**WHAT IS EXPECTED:**
All of the data goes into your copy exactly as written. Images do not.

**SUPPLIED MATERIAL:**
= = =
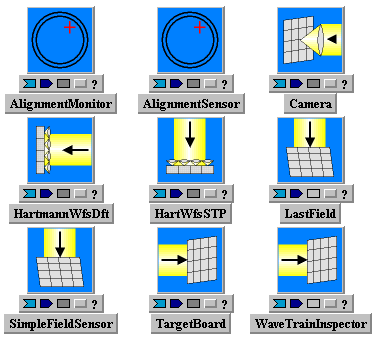 Tempus Block Diagram Editor Snapshot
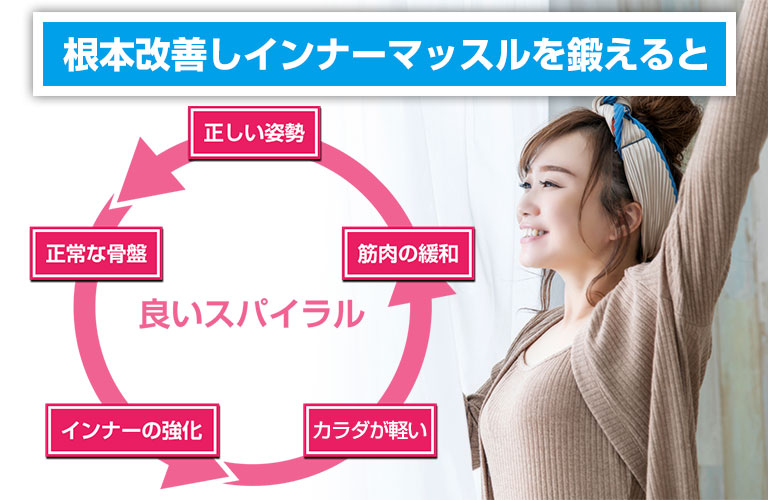 根本改善しインナーマッスルを鍛えると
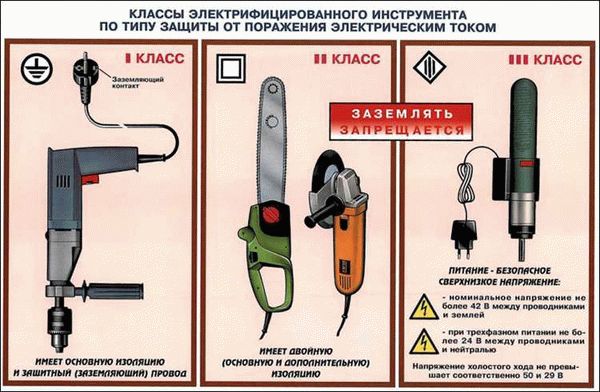 Вводная информация о классификации электроустановок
= = =
**SOLUTION:**
 Tempus Block Diagram Editor Snapshot
 根本改善しインナーマッスルを鍛えると
 Вводная информация о классификации электроустановок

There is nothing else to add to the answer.